Aaron Sorkin's new Netflix film has brought the political upheaval of the late-1960s back into focus. Here, from Norman Mailer to Allen Ginsberg, are some books to dive deeper into the trial that put the Vietnam War itself on the stand, and its context. 

Image: Netflix
Image: Netflix

It was the one of the most notorious legal battles in American history, a courtroom drama so wild and unruly that it'd feel more at home in a John Grisham novel than a US federal courthouse.

And now, the Chicago 7's infamous 1969 trial has finally been made into a movie more than half a century later. Aaron Sorkin's star-studded The Trial of the Chicago 7 has had critics in a lather since its release on Netflix this month.

It tells the story of a motley group of seven (initially eight) anti-Vietnam War protesters charged with inciting riots at the 1968 Democratic National Convention in Chicago, and how they turned their trial into a circus, lampooning proceedings with jokes, silly costumes and blowing kisses to the jury. Norman Mailer was a star witness.

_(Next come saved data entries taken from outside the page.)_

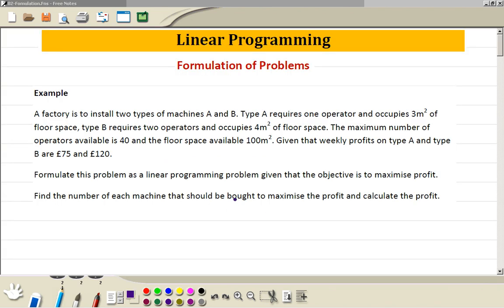Linear programming — formulation of the problems. First, read the question carefully. Now it involves three steps.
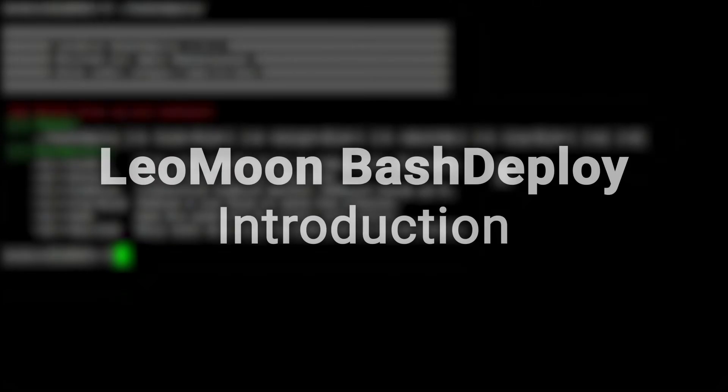Hello everyone, my name is Amin from Leomoon Studios and in this video I'll show you the basics of Leomoon Bash Deploy.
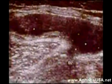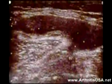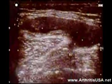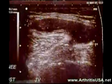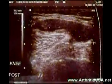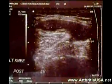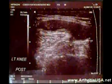On the ultrasound, the dark area surrounded by the lighter tissue represents a sac-filled fluid deposited in the posterior knee area.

So was Beat poet Allen Ginsberg.

But, of course, no movie could fit into 130 minutes all the shenanigans of a trial that lasted five months. So here are some books to take you deeper into the trial that, ultimately, put the Vietnam War itself on the stand.

Revolutionary Suicide by Huey P. Newton (1973)

Remember Bobby Seale (played electrically by Yahya Abdul-Mateen II) the Black Panther Party leader who is gagged and bound to a chair in court after a string of outbursts when Judge Hoffman (Frank Langella) denies him his own choice of lawyer?

Seale was the eighth defendant until he was dropped from the trial. He was also the co-founder of The Black Panther Party, the radical Black nationalist group whose aim, among other things, was to challenge police brutality against African Americans.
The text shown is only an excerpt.